*Task brief*
Below are records with pictures in them. Transcribe everything from the line containing "Purple Floral Design" down to the line containing "麓f破损包赔欧式电视柜鱼缸客厅落地靠墙免换水家用现代茶几玻璃", exactly, and leave the pictures behind.

Top of Given entries

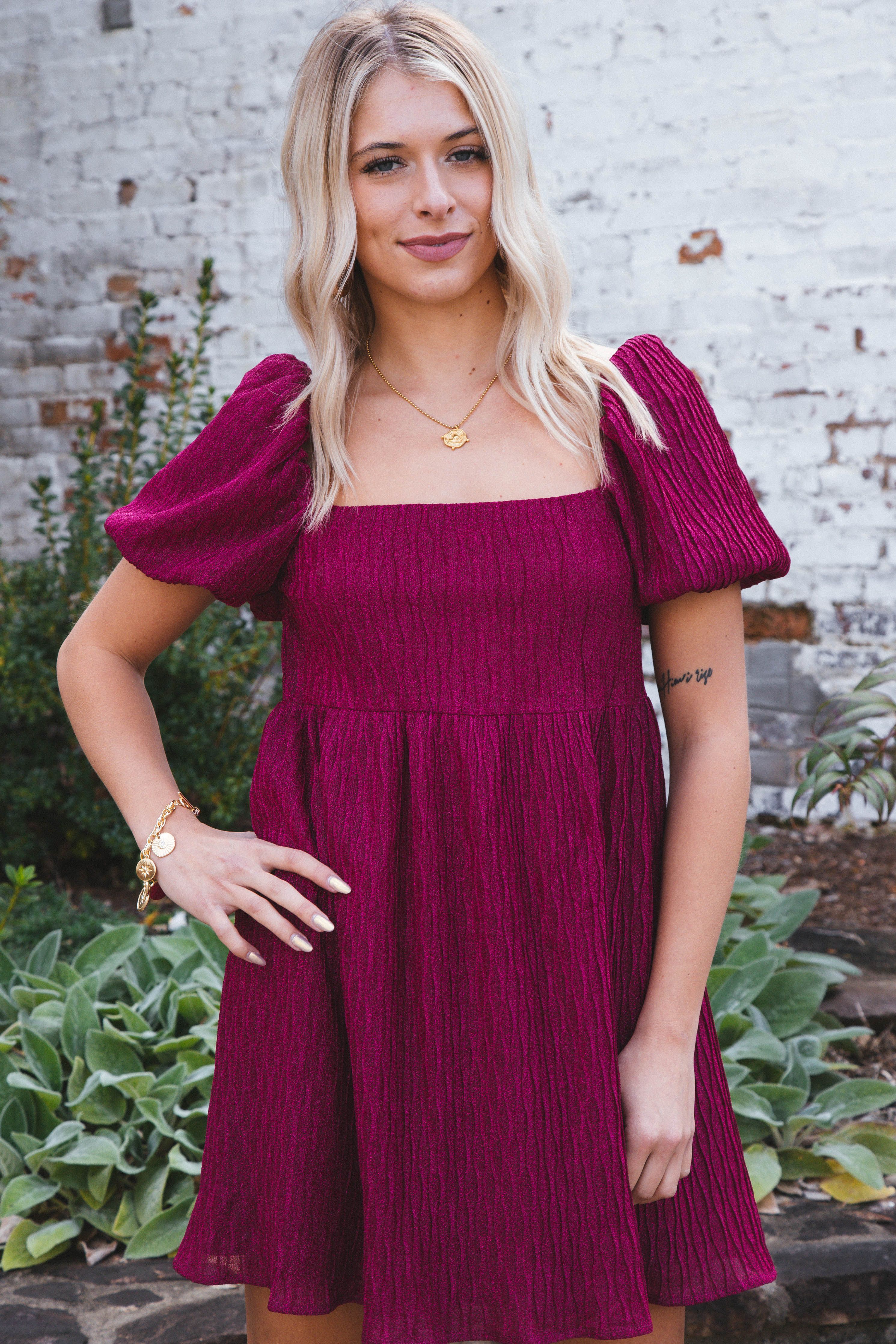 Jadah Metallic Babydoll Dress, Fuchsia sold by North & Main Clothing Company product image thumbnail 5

Bottom of Given entries
Top of Given entries

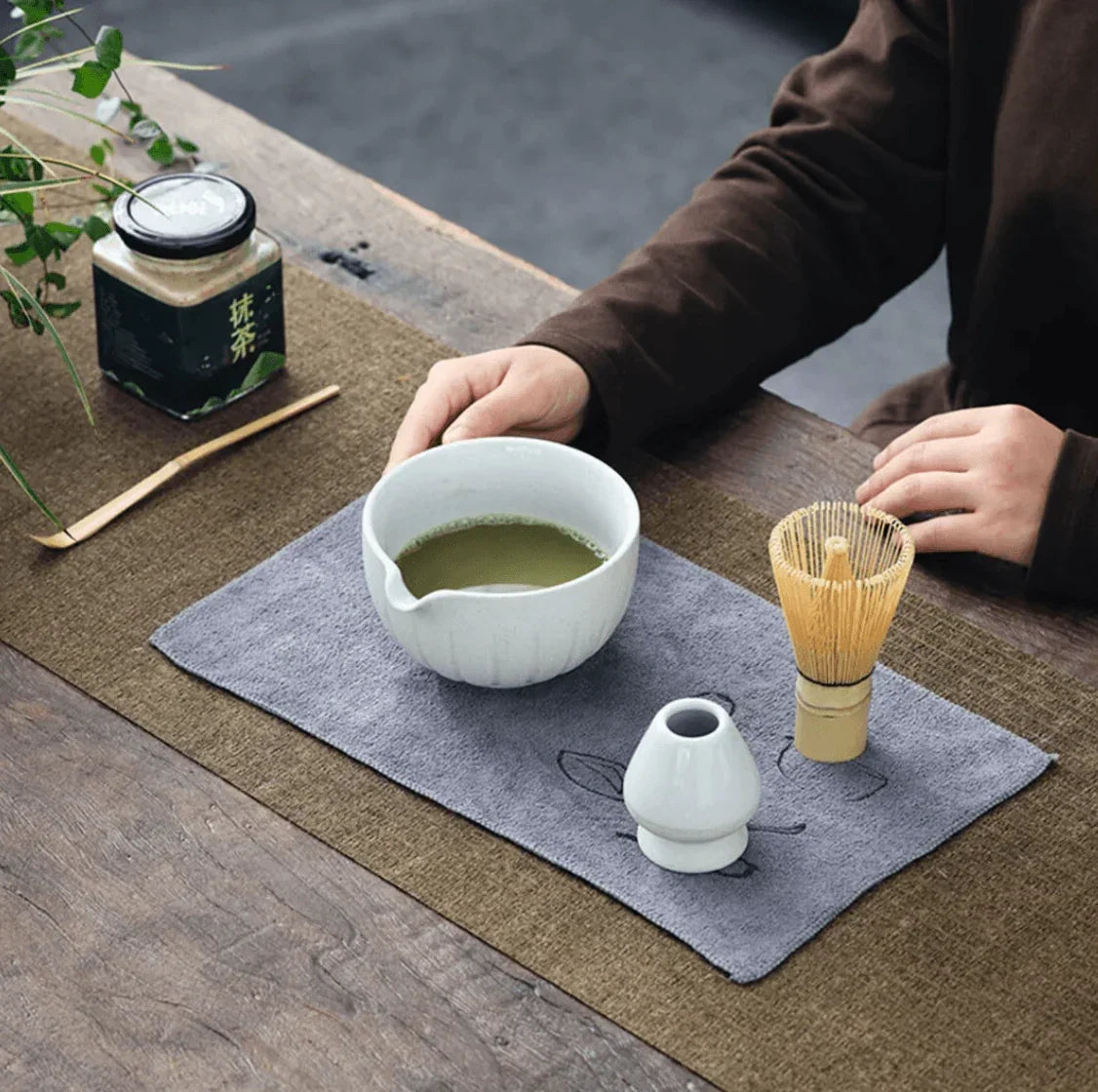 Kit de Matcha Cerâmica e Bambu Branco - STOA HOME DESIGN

Bottom of Given entries
Top of Given entries

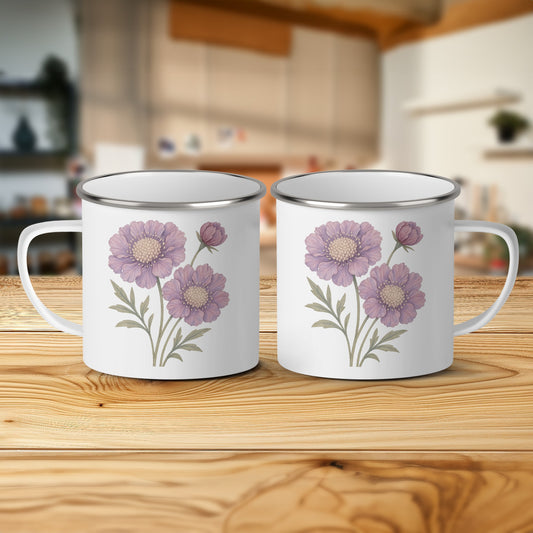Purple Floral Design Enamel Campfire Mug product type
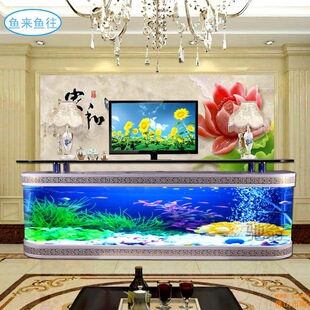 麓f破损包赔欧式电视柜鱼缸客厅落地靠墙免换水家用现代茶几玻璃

Bottom of Given entries

*Completed exercise*
Purple Floral Design Enamel Campfire Mug product type
 麓f破损包赔欧式电视柜鱼缸客厅落地靠墙免换水家用现代茶几玻璃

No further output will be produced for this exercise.